*Assigned task:*
What you give must be the lines from the one containing "2023 Audi A4 45 S line Premium Plus quattro" through the last line of the listing below, exactly, with nothing else and no pictures.

*Data:*
________

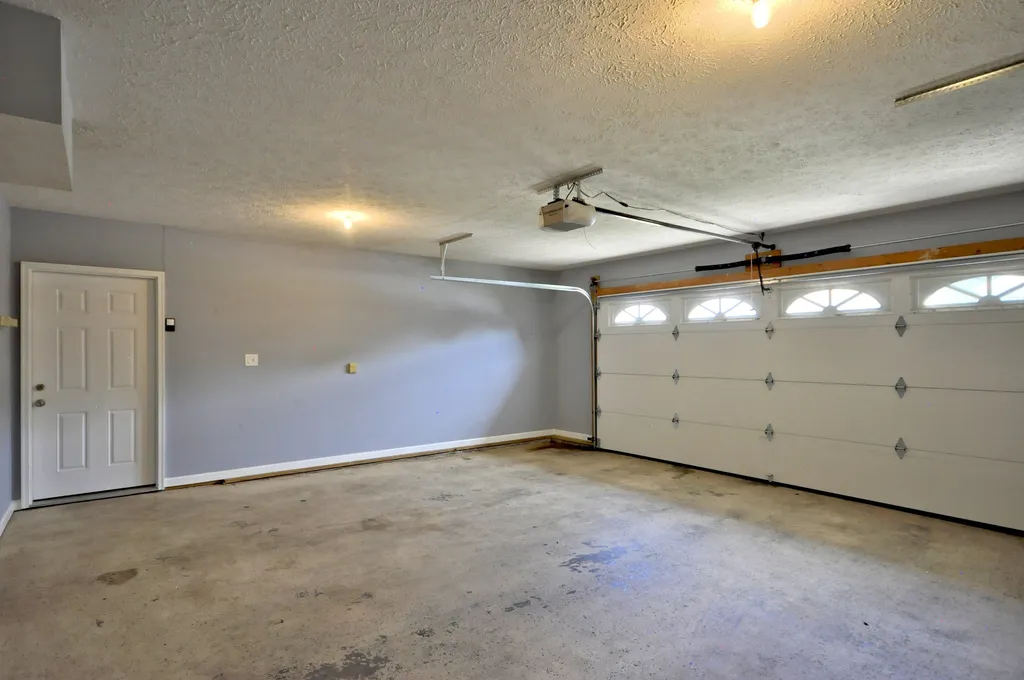 3818 Harvest Ridge Clarksville TN 37040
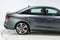 2023 Audi A4 45 S line Premium Plus quattro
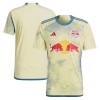 Maillot de Foot New York Red Bulls Domicile 2024 Maillot de Foot New York Red Bulls Domicile 2024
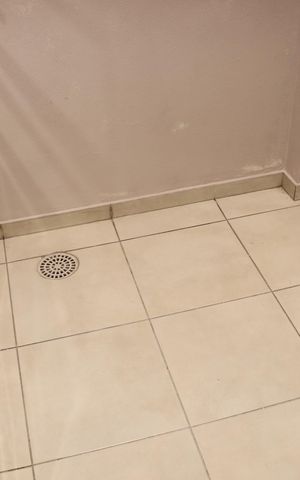 Casa de condomínio para alugar com 114m², 3 quartos e 1 vagaÁrea de serviço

________

*Expected answer:*
 2023 Audi A4 45 S line Premium Plus quattro
 Maillot de Foot New York Red Bulls Domicile 2024 Maillot de Foot New York Red Bulls Domicile 2024
 Casa de condomínio para alugar com 114m², 3 quartos e 1 vagaÁrea de serviço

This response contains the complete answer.